Your job is to print, exactly, the lines in the data below from the line with "Sam Sam, Royal Club in Sparks" through the line with "Baca The Genius", both included, and to omit any picture.

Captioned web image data

# # #

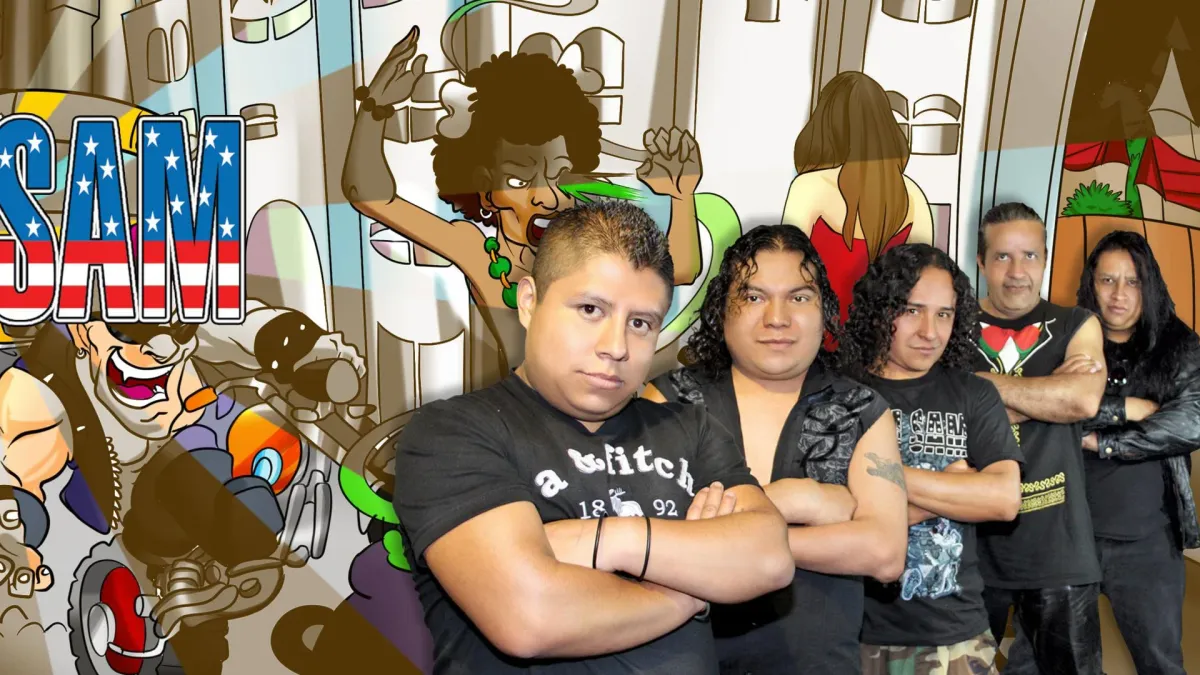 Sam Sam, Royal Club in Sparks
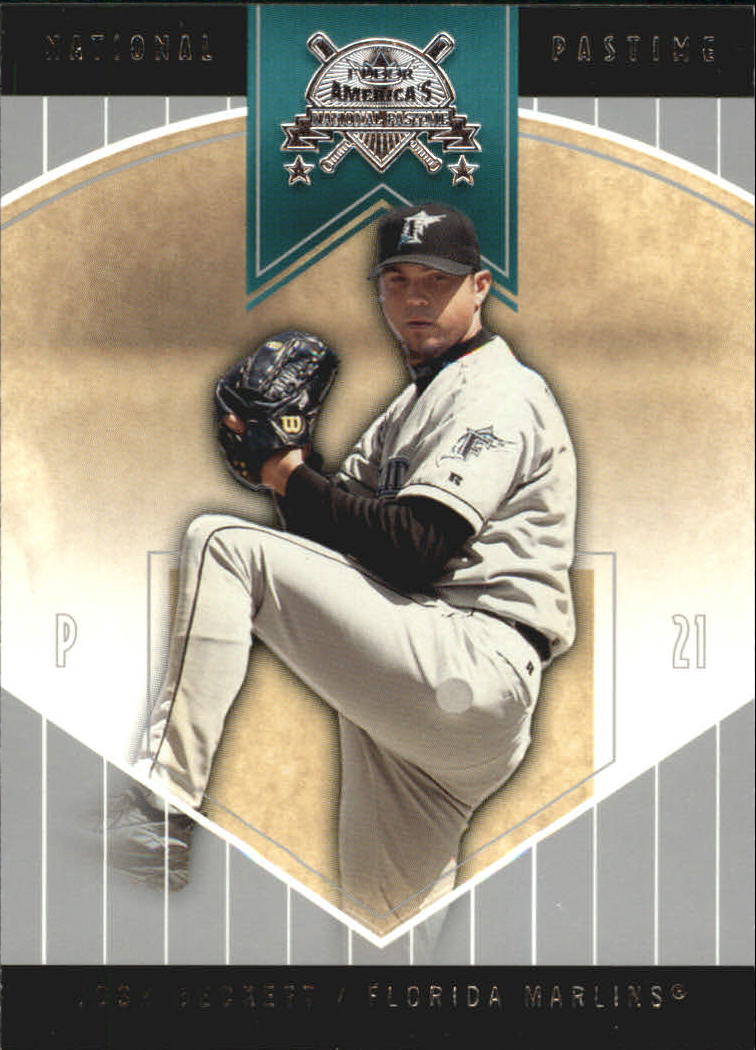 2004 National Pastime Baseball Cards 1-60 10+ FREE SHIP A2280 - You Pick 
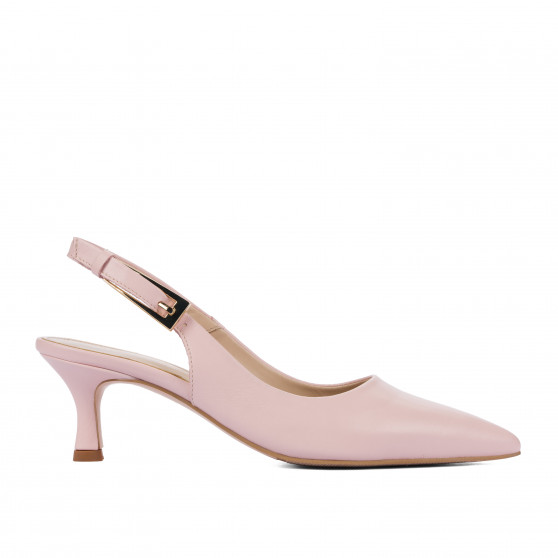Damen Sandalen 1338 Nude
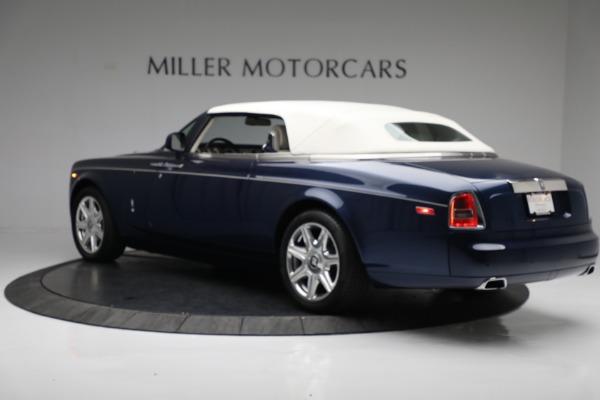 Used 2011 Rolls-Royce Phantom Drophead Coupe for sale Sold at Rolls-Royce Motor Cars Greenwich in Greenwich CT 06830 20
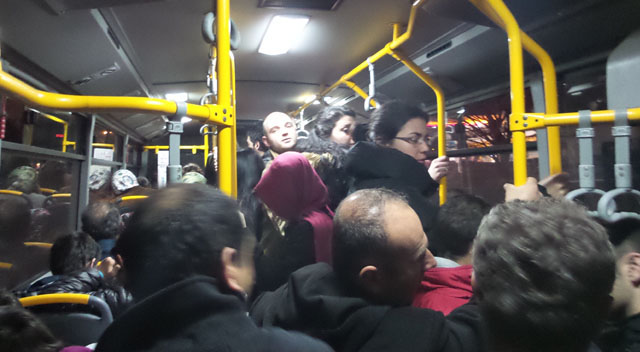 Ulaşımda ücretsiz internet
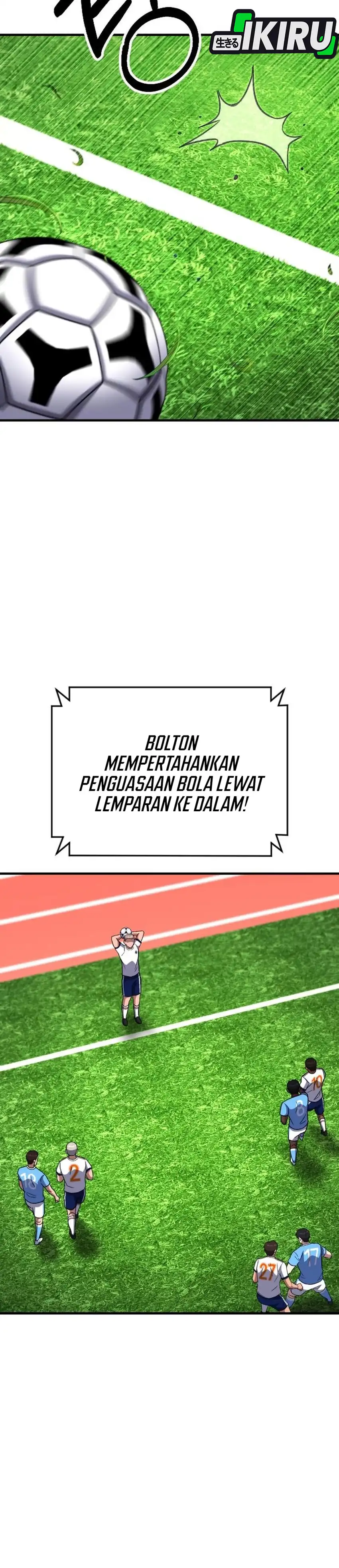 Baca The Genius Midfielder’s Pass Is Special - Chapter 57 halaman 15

# # #

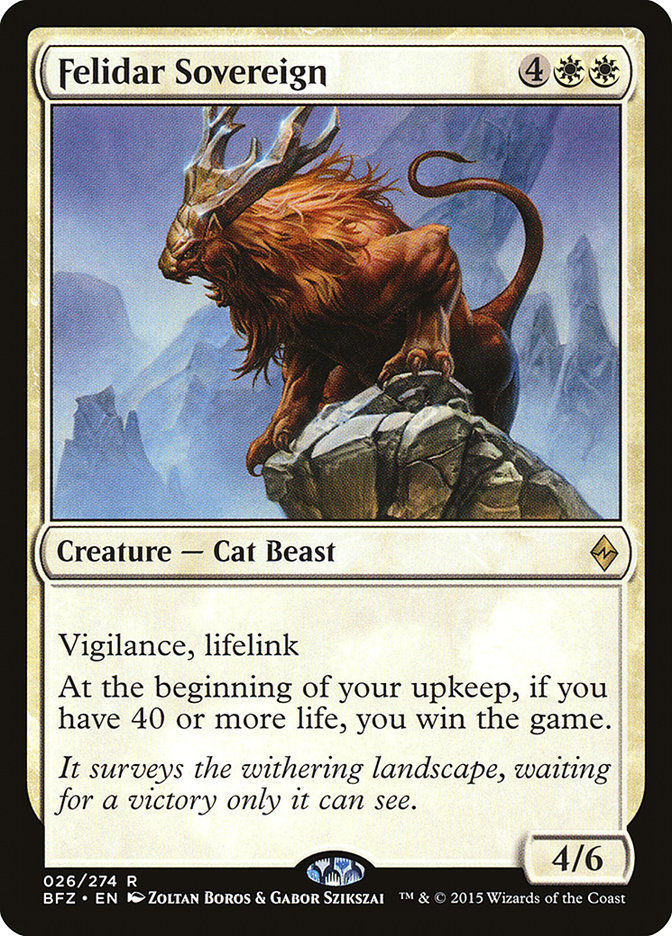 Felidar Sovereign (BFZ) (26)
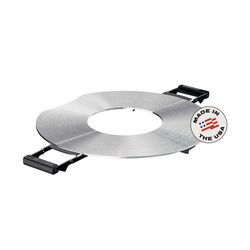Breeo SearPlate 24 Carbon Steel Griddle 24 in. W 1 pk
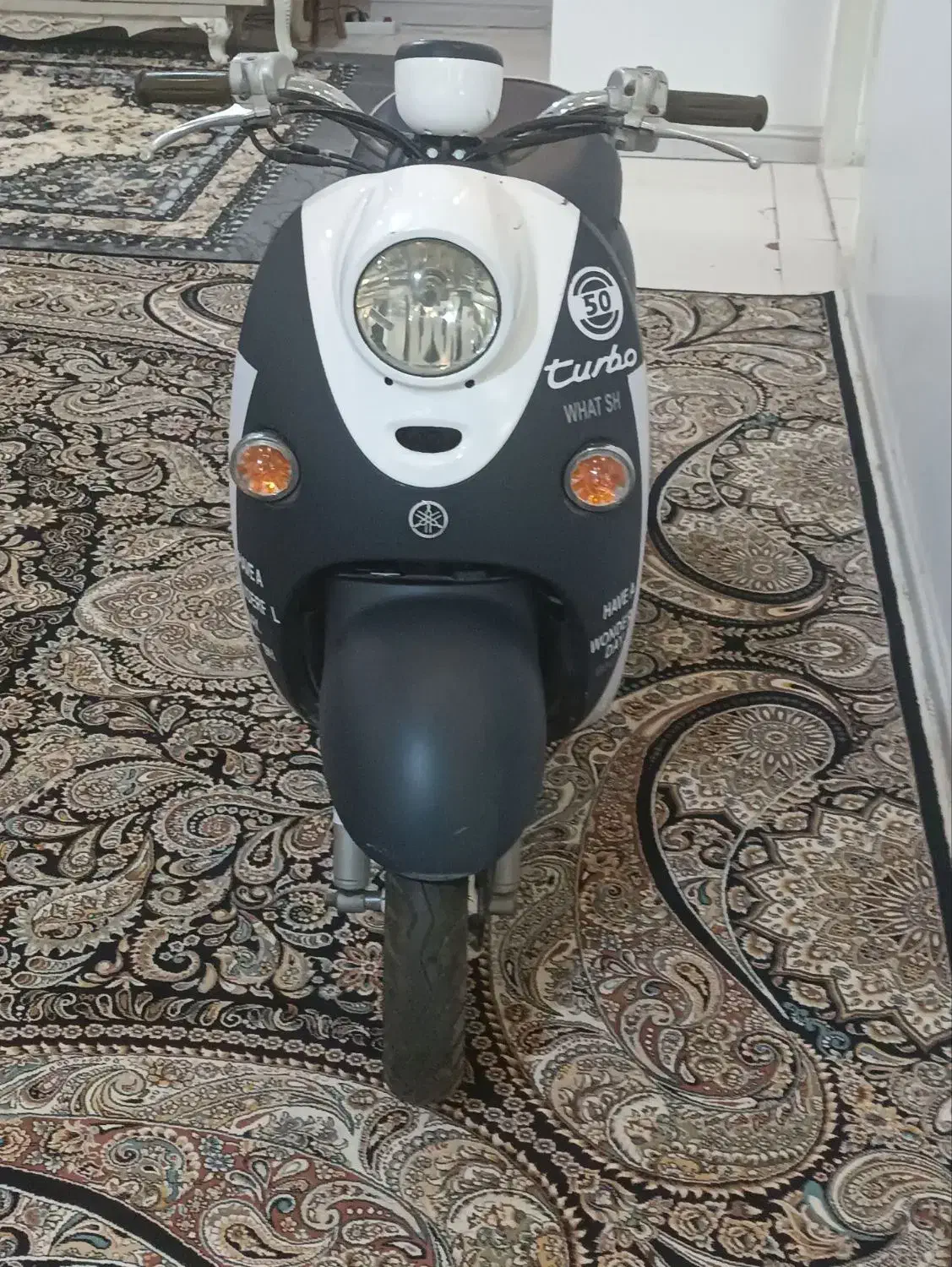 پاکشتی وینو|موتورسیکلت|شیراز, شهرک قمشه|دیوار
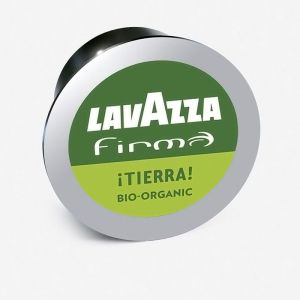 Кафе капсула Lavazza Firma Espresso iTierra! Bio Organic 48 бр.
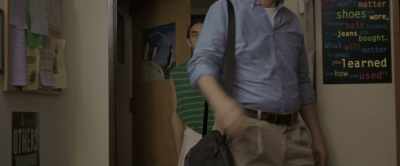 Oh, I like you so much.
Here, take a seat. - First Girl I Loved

# # #

Exercise output →
 Sam Sam, Royal Club in Sparks
 2004 National Pastime Baseball Cards 1-60 10+ FREE SHIP A2280 - You Pick 
Damen Sandalen 1338 Nude
 Used 2011 Rolls-Royce Phantom Drophead Coupe for sale Sold at Rolls-Royce Motor Cars Greenwich in Greenwich CT 06830 20
 Ulaşımda ücretsiz internet
 Baca The Genius Midfielder’s Pass Is Special - Chapter 57 halaman 15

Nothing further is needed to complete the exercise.